USUALLY the last contractor on site, electrical instrumentation and control (EC&I) specialist ENI Electrical puts extra effort into helping clients around Africa meet their scheduled start-ups.
That’s according to General Manager Operations Russell Drake, who said that with decades of experience in mining and industrial projects on the continent, the Zest WEG group company understands the challenges that developers face.
Among its mining projects, it is currently involved in a large copper mine expansion in Zambia.
“Large project implementation is complex and is often made more challenging by the logistical constraints that many African projects face. There are invariably delays at various stages, which places more pressure on the EC&I contractor, who must in many ways ‘complete’ the roll-out.”
Drake said the company works extensively with project houses and directly for mining companies and is a preferred supplier to many of them. A key reason, he added, is the proactive attitude that underlies its depth of technical expertise.
Calvin Fisher, ENI Electrical overhead lines manager, emphasised the importance of on-time completion, combined with reliable electricity supply.
“With the various issues that may delay stages of a project, there is usually growing urgency as the deadline date approaches. This is normally when ENI Electrical enters the project, so we are accustomed to working under some extra pressure. Our dynamic team actively looks for ways to advance the work, especially when the previous phases may not be quite ready for us to begin.”
Fisher said the team often does not have all the site access they need, so it requires some innovation to push the job along.
“We may even collaborate with other contractors if we have spare resources, for example, to help them complete their work so that we can start ours. Our focus is on being part of the solution, and this is an approach that really helps clients meet their deadlines.”
The linking up of electrical infrastructure, connections and equipment is one of the final stages to allow any project to start operating. In this role, ENI Electrical installs a wide range of electrical infrastructure including medium and low voltage cable reticulation, motor control centres, lighting, earthing protection and energy management systems.
Its control and instrumentation work ranges from process instrumentation and plant automation, to custom control stations and fibre or copper networks. The company also designs and installs overhead power lines up to 161 kV and substations.
“Our permanent bases in countries like Zambia and Ghana – with significant in-country investment in technical assets – underpins the efficiency of our work,” Drake said. “We understand our working environment very well, so we can quote accurately and fairly. This is vital to reduce variations during projects, as this can be disruptive to the project and the client.
“We also take pride in developing local capacity in the countries where we are based,” he said. Operating from locally registered entities also ensures legal compliance and maintains a social licence to operate.

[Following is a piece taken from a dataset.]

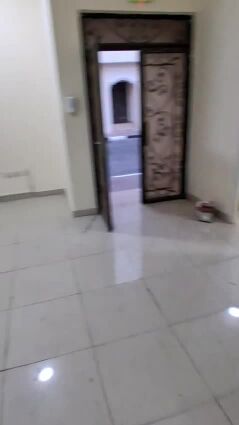 للايجار ٥ فيلل داخل مجمع بعين خال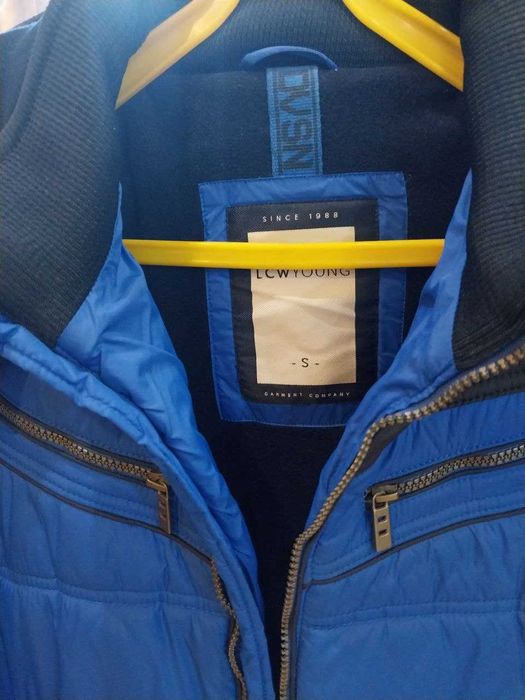 Продается куртка на мальчика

ENI Electrical’s local operation in Zambia – established in 2002 – employs 188 local staff including highly skilled technical teams. In Ghana, ongoing investment in assets and skills gives that office the capability to run up to R300-million in contracts at any given time, Drake said.
Fisher said, “Our success in Africa is built on our specialised expertise and experience, but what clients really appreciate is our willingness and ability to ‘take up the slack’ towards the end of their project when time is not on their side. Our close contractor interface and solution-driven approach allow us to do this.”